Exclude the pictures, then quote exactly the lines from the one holding "Samsung Svm-800 User manual" through the last line of the records.

Brief descriptive captions:
╭──
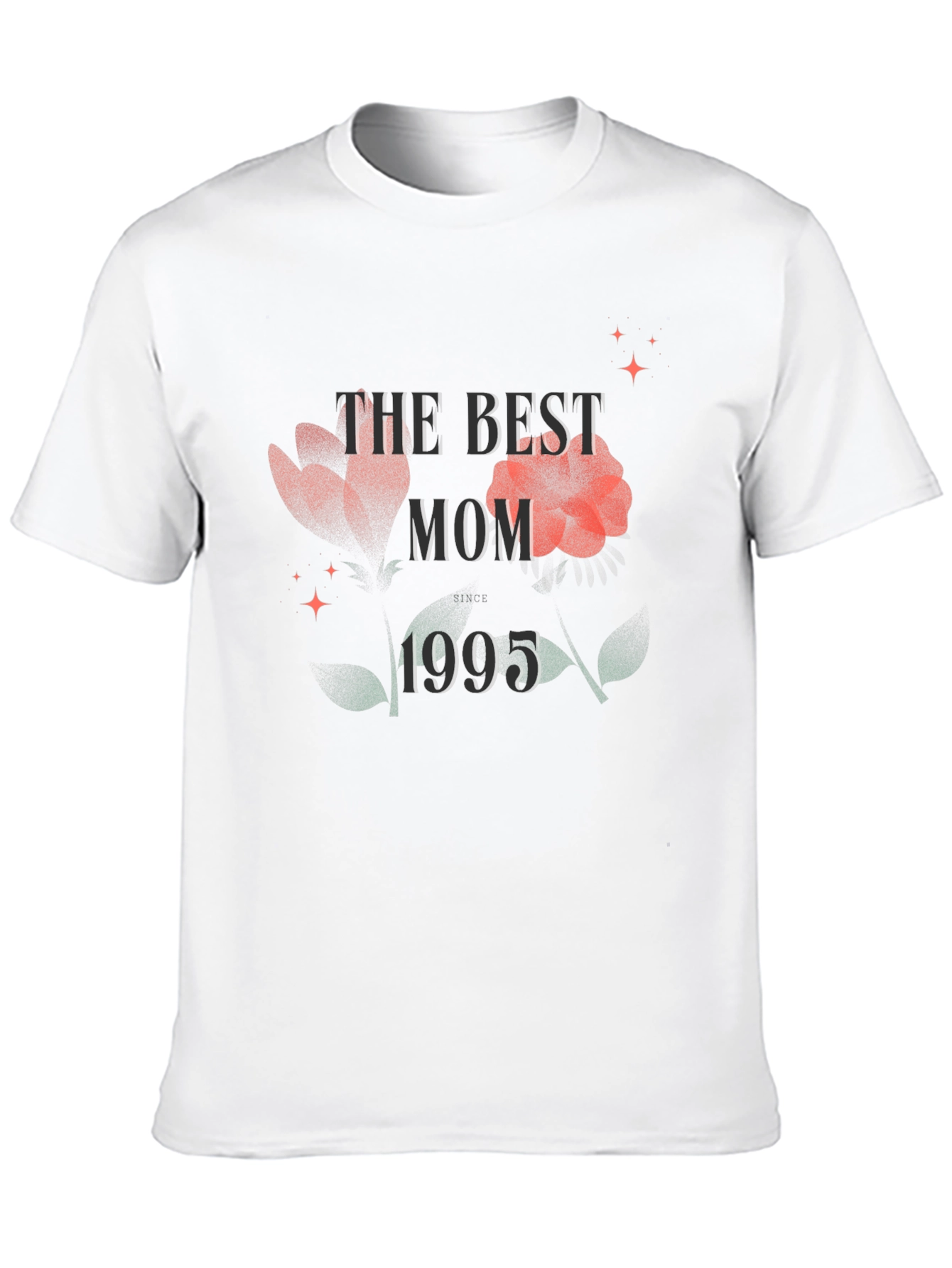 Best Mom 1995 Floral T-Shirt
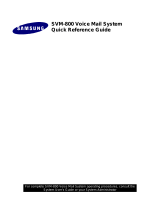 Samsung Svm-800 User manual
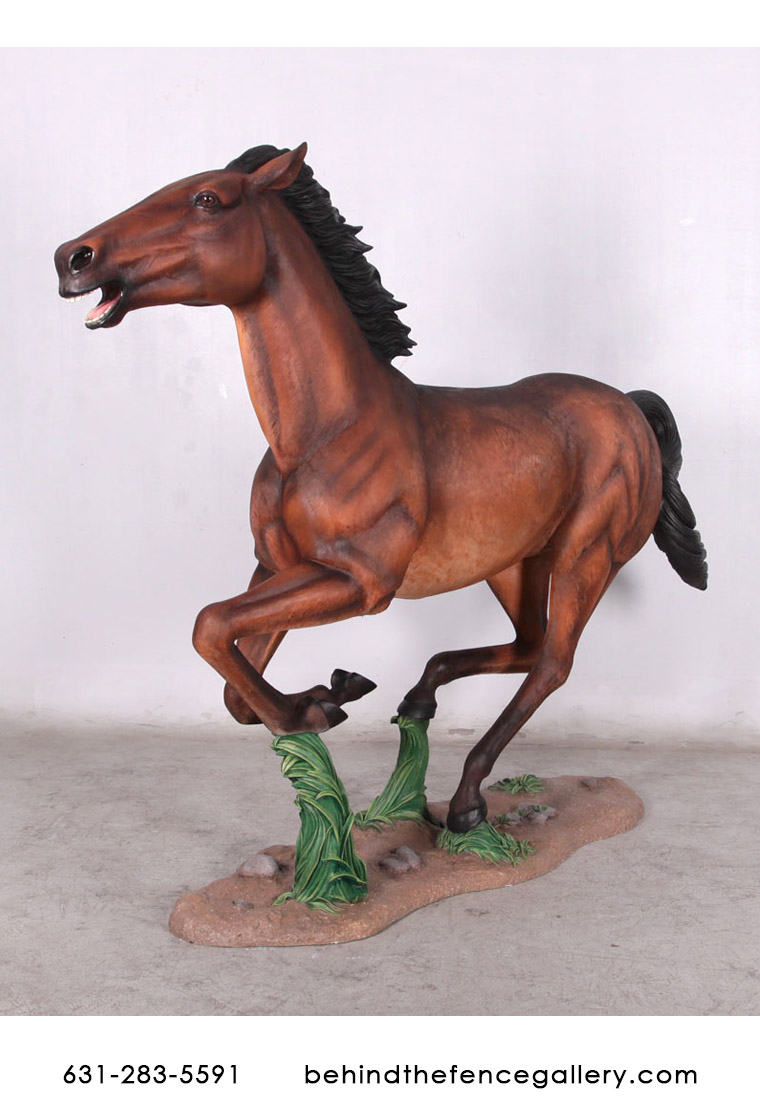 Galloping Horse Statue Horse In Stride Galloping Horse Statue Horse In Stride
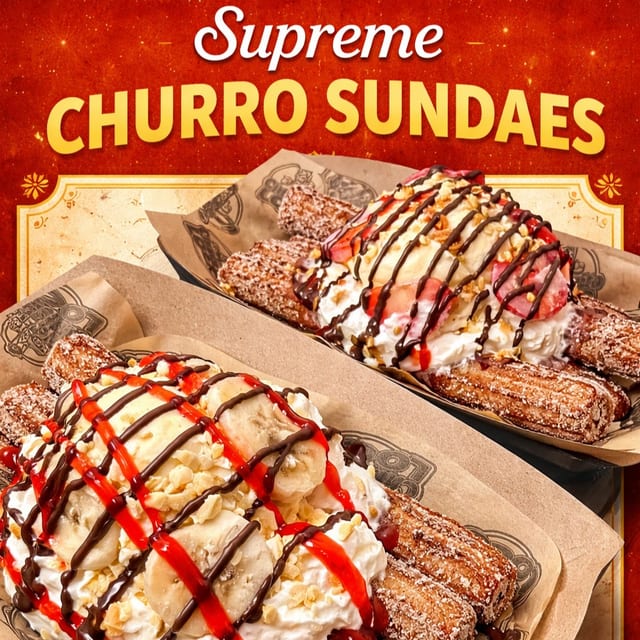 Churro Sundae.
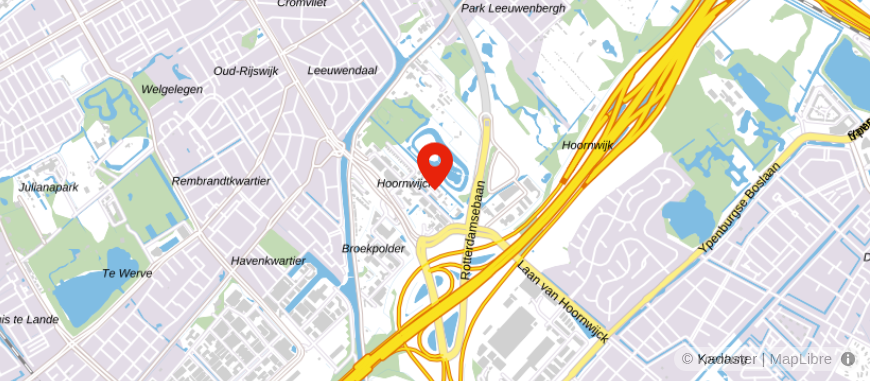 Locatie van Hartevelt Assurantiën B.V.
╰──
● **YOUR RESPONSE**
 Samsung Svm-800 User manual
 Galloping Horse Statue Horse In Stride Galloping Horse Statue Horse In Stride
 Churro Sundae.
 Locatie van Hartevelt Assurantiën B.V.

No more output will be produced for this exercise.